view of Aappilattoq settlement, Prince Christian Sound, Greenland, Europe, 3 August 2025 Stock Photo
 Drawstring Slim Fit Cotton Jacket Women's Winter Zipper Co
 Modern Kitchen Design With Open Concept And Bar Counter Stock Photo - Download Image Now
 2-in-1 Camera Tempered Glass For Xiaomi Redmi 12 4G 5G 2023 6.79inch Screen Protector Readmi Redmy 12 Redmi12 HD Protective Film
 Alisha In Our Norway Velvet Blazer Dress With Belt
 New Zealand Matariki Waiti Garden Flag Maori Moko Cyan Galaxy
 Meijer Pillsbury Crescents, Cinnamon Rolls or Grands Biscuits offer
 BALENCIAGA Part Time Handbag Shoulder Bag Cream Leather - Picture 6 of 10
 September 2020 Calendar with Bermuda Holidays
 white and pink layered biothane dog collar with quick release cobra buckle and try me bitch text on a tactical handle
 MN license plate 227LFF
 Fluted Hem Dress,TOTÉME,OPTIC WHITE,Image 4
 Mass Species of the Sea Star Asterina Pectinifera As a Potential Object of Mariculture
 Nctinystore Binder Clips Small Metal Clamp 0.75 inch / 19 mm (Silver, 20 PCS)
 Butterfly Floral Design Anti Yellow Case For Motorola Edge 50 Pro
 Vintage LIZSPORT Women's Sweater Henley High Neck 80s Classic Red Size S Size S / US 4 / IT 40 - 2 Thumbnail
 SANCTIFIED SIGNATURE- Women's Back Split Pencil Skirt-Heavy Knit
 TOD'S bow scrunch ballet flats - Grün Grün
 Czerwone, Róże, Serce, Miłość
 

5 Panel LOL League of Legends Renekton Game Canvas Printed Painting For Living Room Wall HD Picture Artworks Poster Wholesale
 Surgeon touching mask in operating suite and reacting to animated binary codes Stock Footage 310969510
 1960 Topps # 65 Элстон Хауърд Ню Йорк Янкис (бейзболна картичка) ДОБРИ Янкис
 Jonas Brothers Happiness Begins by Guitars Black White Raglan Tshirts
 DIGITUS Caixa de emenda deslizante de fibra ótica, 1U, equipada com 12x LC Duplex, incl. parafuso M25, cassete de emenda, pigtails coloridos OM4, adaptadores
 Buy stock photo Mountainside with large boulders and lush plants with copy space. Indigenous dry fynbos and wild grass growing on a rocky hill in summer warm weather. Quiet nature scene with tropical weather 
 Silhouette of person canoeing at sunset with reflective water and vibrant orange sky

--- --- ---

• What the task requires:
Output the listing above in its entirety, exactly as given.

• Task result:
view of Aappilattoq settlement, Prince Christian Sound, Greenland, Europe, 3 August 2025 Stock Photo
 Drawstring Slim Fit Cotton Jacket Women's Winter Zipper Co
 Modern Kitchen Design With Open Concept And Bar Counter Stock Photo - Download Image Now
 2-in-1 Camera Tempered Glass For Xiaomi Redmi 12 4G 5G 2023 6.79inch Screen Protector Readmi Redmy 12 Redmi12 HD Protective Film
 Alisha In Our Norway Velvet Blazer Dress With Belt
 New Zealand Matariki Waiti Garden Flag Maori Moko Cyan Galaxy
 Meijer Pillsbury Crescents, Cinnamon Rolls or Grands Biscuits offer
 BALENCIAGA Part Time Handbag Shoulder Bag Cream Leather - Picture 6 of 10
 September 2020 Calendar with Bermuda Holidays
 white and pink layered biothane dog collar with quick release cobra buckle and try me bitch text on a tactical handle
 MN license plate 227LFF
 Fluted Hem Dress,TOTÉME,OPTIC WHITE,Image 4
 Mass Species of the Sea Star Asterina Pectinifera As a Potential Object of Mariculture
 Nctinystore Binder Clips Small Metal Clamp 0.75 inch / 19 mm (Silver, 20 PCS)
 Butterfly Floral Design Anti Yellow Case For Motorola Edge 50 Pro
 Vintage LIZSPORT Women's Sweater Henley High Neck 80s Classic Red Size S Size S / US 4 / IT 40 - 2 Thumbnail
 SANCTIFIED SIGNATURE- Women's Back Split Pencil Skirt-Heavy Knit
 TOD'S bow scrunch ballet flats - Grün Grün
 Czerwone, Róże, Serce, Miłość
 

5 Panel LOL League of Legends Renekton Game Canvas Printed Painting For Living Room Wall HD Picture Artworks Poster Wholesale
 Surgeon touching mask in operating suite and reacting to animated binary codes Stock Footage 310969510
 1960 Topps # 65 Элстон Хауърд Ню Йорк Янкис (бейзболна картичка) ДОБРИ Янкис
 Jonas Brothers Happiness Begins by Guitars Black White Raglan Tshirts
 DIGITUS Caixa de emenda deslizante de fibra ótica, 1U, equipada com 12x LC Duplex, incl. parafuso M25, cassete de emenda, pigtails coloridos OM4, adaptadores
 Buy stock photo Mountainside with large boulders and lush plants with copy space. Indigenous dry fynbos and wild grass growing on a rocky hill in summer warm weather. Quiet nature scene with tropical weather 
 Silhouette of person canoeing at sunset with reflective water and vibrant orange sky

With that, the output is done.